Training for Equity: Participatory Systems Mapping in Global Health Education
- Publication Date:
- 2025
- Citation:
-
While equity remains a defining goal of global health, perspectives on how to promote fairness in pathways to health have significantly changed over the last decade. Major shocks in health financing, together with calls to decolonize health education, mark a moment to document perspectives on equity in global health.

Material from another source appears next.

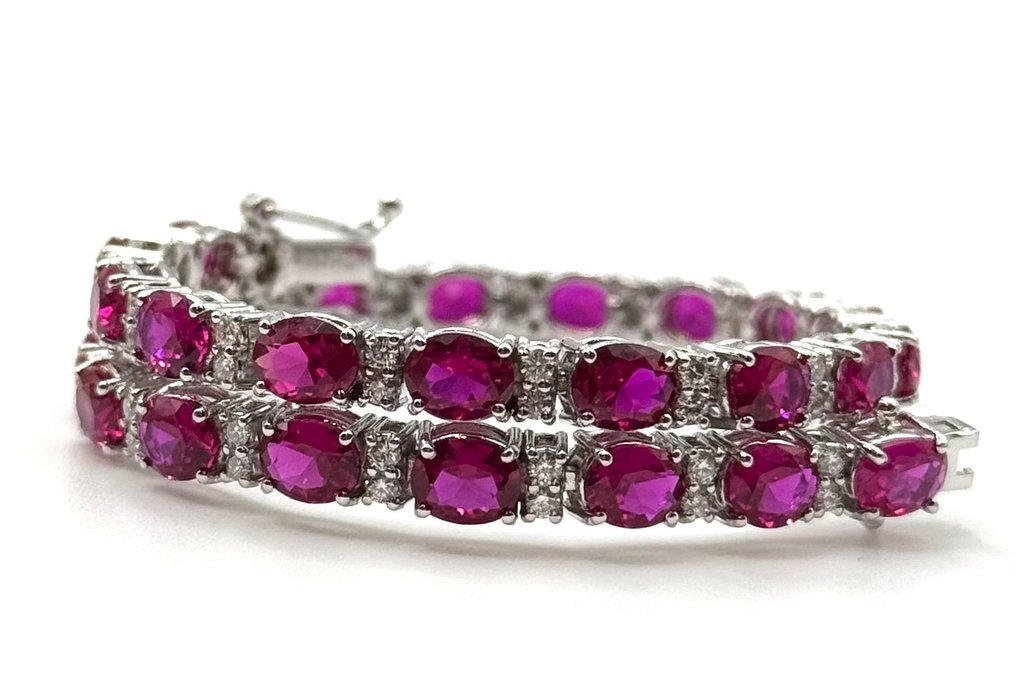 网球手链 - 18K包金 白金 -  10.00ct. tw. 红宝石 - 钻石 #3.2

We conducted a participatory study at the University of Global Health Equity in Rwanda, a university founded to advance a social medicine approach to global health by integrating the humanities, social sciences, biomedical sciences and clinical medicine. We sought to better understand how students reasoned about causal influences on health equity, using an approach known as Fuzzy Cognitive Mapping (FCM). The FCM exercise invited first-year medical students to define health equity and its drivers through a visual and participatory mapping exercise. Two rounds of mapping sessions were conducted with three groups of students, one round at the start and one round at the end of their ‘Foundations in Global Health Equity’ semester, to capture potential shifts in participatory learning and systems thinking.
Students understood health equity as grounded in fairness, responsiveness, and accountability. Their maps identified diverse factors across community influence, governance, the health system, and socioeconomic opportunity. Based on the variables and connections students mapped, we modeled hypothetical scenarios to illustrate potential pathways for change. The analysis indicated that over the course of their semester, students gained confidence in identifying where improvement might occur, with less emphasis on structural barriers and greater attention to influences that could enable system-wide gains. Scenario simulations showed that, from students’ perspectives, strengthening socioeconomic opportunity would have the broadest effects across the system, amplifying the potential impact of other reforms.
This mapping approach has enormous value for participatory learning, systems thinking, and dialogue-building within health-professional education. It enables respondents to visualize components of the health system and how they interact, and to identify potential points of intervention that may address inequity. By engaging students, the next generation of global health practitioners and scholars, this approach brings their voices and perspectives to the forefront of global discussions on health equity.